PrinceHaz · 26/02/2023 18:38

Try not to focus on whether you’ve heard from him or not, that’s giving him the power.
Just decide that you want better for yourself and get rid. Certainly cancel wedding plans. You want someone who adores you all the time no matter what. He doesn’t.

bobbytorq · 26/02/2023 20:04

I can't believe you are even asking. Walk away.

ChampagneCommunist · 26/02/2023 20:20

You are so strong; you have been so clear & calm with him. I applaud you

unsync · 26/02/2023 20:52

The good times are only there to keep you hooked. As in "its not all bad, there are good times too" - this is stereotypical abusive behaviour on his part. Please walk away.

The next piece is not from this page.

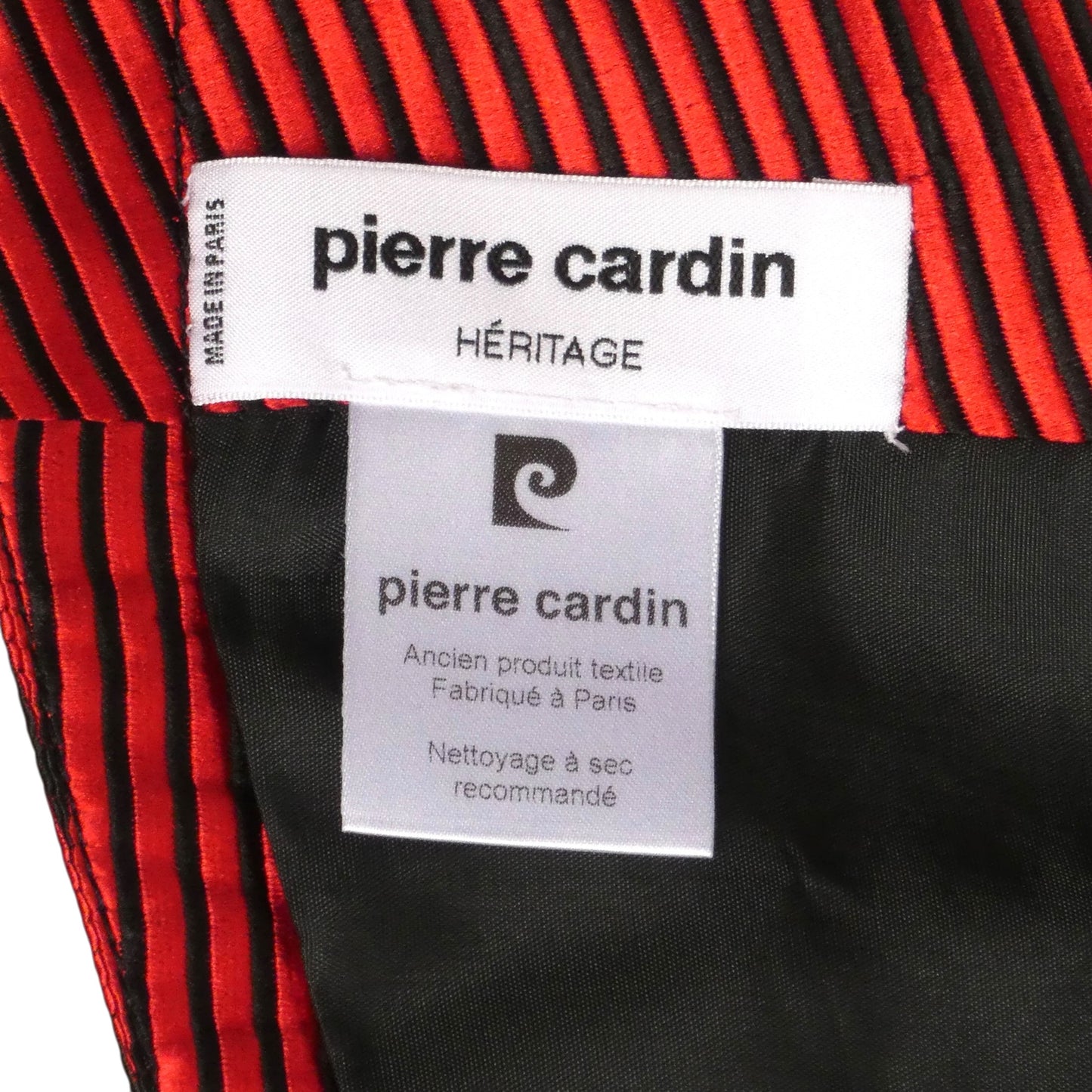 PIERRE CARDIN - 2004 Red Satin Stripe Vest, Size-Large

WorkHardPlayHard1 · 26/02/2023 20:57

Also bullies learn their behaviour from their parents so his bullying daughter has most likely learnt her craft from her father 💁🏻‍♀️

WorkHardPlayHard1 · 26/02/2023 20:58

MrsDanversGlidesAgain · 26/02/2023 12:01

I personally could not live with a man like your DP

I've got alarm bells clanging so hard they're deafening, and I'm only reading about him, not intending to marry him.

Love your attitude! 👌🏼

Bleddyfreezin · 27/02/2023 08:05

Thanks everyone.

He hasn’t been in touch at all since Saturday night. We would always text goodnight and good morning when we’re not together but, as I suspected, I’ve had nothing. I’ve also not messaged, as my final words were for him to get in touch once he’s ready to talk and not shout.

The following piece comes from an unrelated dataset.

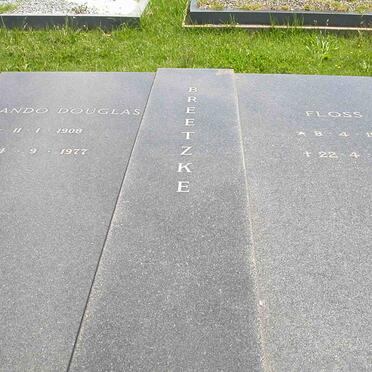 BREETZKE Orlando Douglas 1908-1977 &amp; Floss 1915-1991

This feels very final. We’ve fallen out before over this and I’ve always given in. Always me to back down and he’s happy when it’s all swept under the carpet.

I feel empty and sad but work today should take my mind off it for a little time.

OP posts:
Magenta82 · 27/02/2023 10:22

Well done OP, stay strong, you are worth so much more x

strawberry2017 · 27/02/2023 10:29

Stay string OP, you are doing really well! I wish I was as strong as you x

strawberry2017 · 27/02/2023 10:29

Strong not strong 😂

NevieSticks · 27/02/2023 10:33

He's feast or famine. Right now he is giving you the famine in an attempt to make you toe HIS line. You will make new friends.

beachcitygirl · 27/02/2023 10:34

Run don't walk.
Do NOT marry this man
He's an abusive man.
Do the women's aid freedom programme
Join some clubs or college course
Join a gym
Join a dating site.

Make new friends

user12345678912334 · 27/02/2023 10:40

My lovely grandma always said "mean with money mean with love", she was very wise.
Regarding things not being bad all the time, of course they're not or you would have left a long time ago.
My grandma also said "if someone gave you a glass of water with a pinch of shit in it, would you still drink it?" Think about that.

Doyoumind · 27/02/2023 10:44

It's so hard to stick to your guns in these situations even when you know you must. But you must! Don't cave in. Definitely do not marry him. He sounds awful.

It's hard but life will go on and will be fine without him.